Она тяжело вздохнула и села.
— Просто я чувствую себя…
— ..обязанной, — закончил он и сел рядом. — А если бы я предложил тебе автомобиль напрокат?
И ты могла бы сбросить со счетов часть расходов, если заодно будешь пользоваться им для нужд своей фирмы.
Доминика удивленно раскрыла глаза.
— Ты серьезно?
— Абсолютно, — сухо подтвердил он.
— Тогда я.., меня бы это устроило, — пробормотала она неловко. — Мне и самой это приходило в голову, я имею в виду — временно взять автомобиль напрокат.
Он продолжал сверлить ее пристальным взглядом.
— Но мне ужасно жаль, если я тебя обидела, повторила Доминика.
Он долго молчал, затем усмехнулся уголком рта.
— Есть способ загладить обиду.
— Какой же? — невинным голосом спросила Доминика.
Энгус встал, вставил диск в плеер и погасил свет. Потом подошел к ней и протянул руку.
— Можно пригласить вас на танец, мадам?
Она тоже встала и шагнула в его объятия.
— Невозможно танцевать с вами, мистер Кейр, и одновременно на вас обижаться, — через несколько минут констатировала Доминика.
— Понятно. — Он провел ладонью по ее волосам и вытащил из них шпильки. — Ты хочешь сказать, что, дождись я этой минуты, приняла бы от меня машину?
— Нет… Но мне было бы еще труднее отказаться.
— А как насчет.., этой минуты? — Он провел руками по ее спине и нащупал молнию лифа. — Мне еще во время ужина пришло в голову, что твое платье состоит, оказывается, из двух половинок и что под верхней половинкой у тебя наверняка ничего нет. Безумно хотелось проверить… — Энгус потянул застежку молнии вниз, и лиф легко соскользнул ему на руки.
— Я оказался прав! — Он позволил лифу упасть на ковер.

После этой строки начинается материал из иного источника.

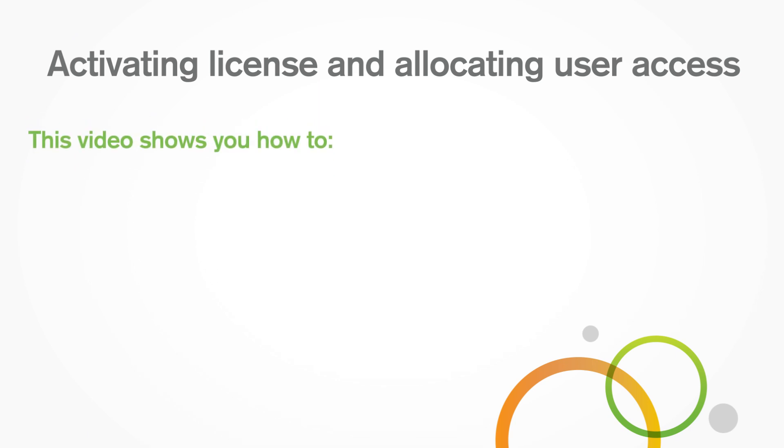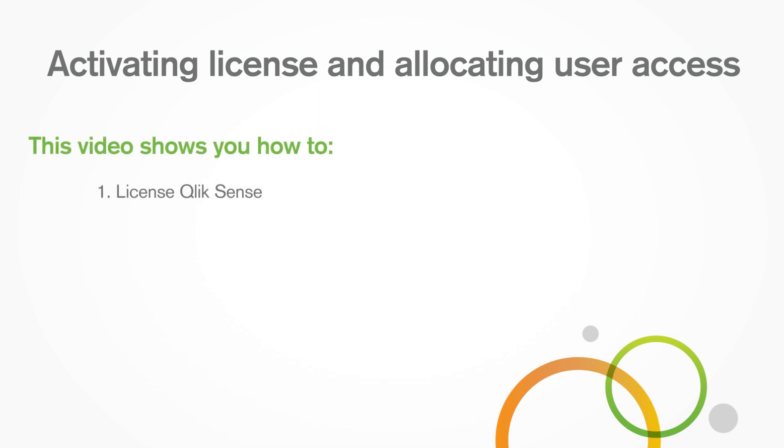This video shows you how to license Qlik Sense and how to allocate user access to start using Qlik Sense.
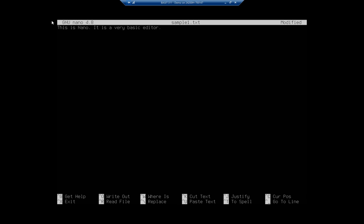If I'm wanting to do a really simple, quick edit to a text file, there are far more powerful tools if you're going to be doing a lot more work. But just for creating a simple text file, this works very well. Down here across the bottom you'll see all of my commands: get help, exit, write out, read file, where is, replace, cut text, paste text, justify.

— Едва ли тебе подобало предаваться таким мыслям в гостях и особенно в доме моей матери, — пробормотала Доминика прерывающимся голосом, потому что в этот момент он обхватил ладонями ее грудь.
— Подобные мысли преследуют меня утром, днем и вечером, неважно, рядом ты или нет. — Он положил ладони ей на талию, и они продолжали танцевать, но его прикрытые веками глаза жадно следили, как колышется ее грудь. Доминика чувствовала, что с трудом переводит дыхание. Впрочем, она прекрасно понимала, что он бросает ей вызов.
— Плохи мои дела, — хрипло пробормотала она, запрокидывая голову, чтобы взглянуть ему прямо в глаза. — Но сейчас я хочу сказать, что это наслаждение — танцевать с тобой вот так. Еще когда мы танцевали в первый раз, мне пришло в голову, что хорошо было бы оказаться с тобой вдвоем в укромном месте…
Она провела руками по его плечам, обхватила его лицо ладонями и быстро поцеловала в губы, после чего, закрыв глаза, продолжала плавно покачиваться под музыку.
— Как это случилось? — спросил Энгус, подперев голову рукой. Он лежал с пей рядом на широкой кровати под белоснежной простыней. В комнату заглядывало солнце, играло па серебряной антикварной настольной лампе. Кровать помещалась на помосте на бескрайнем бархатном ковре жемчужно-серого оттенка. В углах комнаты заботливыми руками миссис Браун были расставлены вазы с изумительными белыми лилиями.